WHAT YOU NEED TO DO:
Go through the data and copy every line exactly, but not the images.

DATA BELOW:
......
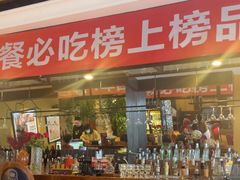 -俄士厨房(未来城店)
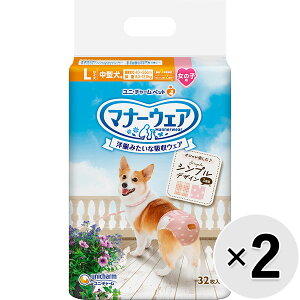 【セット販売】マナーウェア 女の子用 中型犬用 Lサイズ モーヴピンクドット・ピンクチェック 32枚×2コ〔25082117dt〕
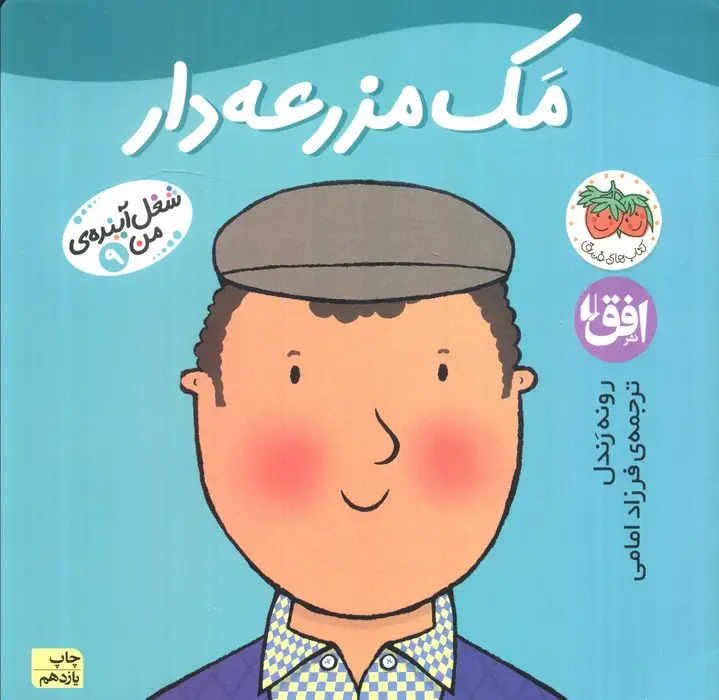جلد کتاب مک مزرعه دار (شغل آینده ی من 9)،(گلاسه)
......
ANSWER TO THE PROBLEM:
 -俄士厨房(未来城店)
 【セット販売】マナーウェア 女の子用 中型犬用 Lサイズ モーヴピンクドット・ピンクチェック 32枚×2コ〔25082117dt〕
جلد کتاب مک مزرعه دار (شغل آینده ی من 9)،(گلاسه)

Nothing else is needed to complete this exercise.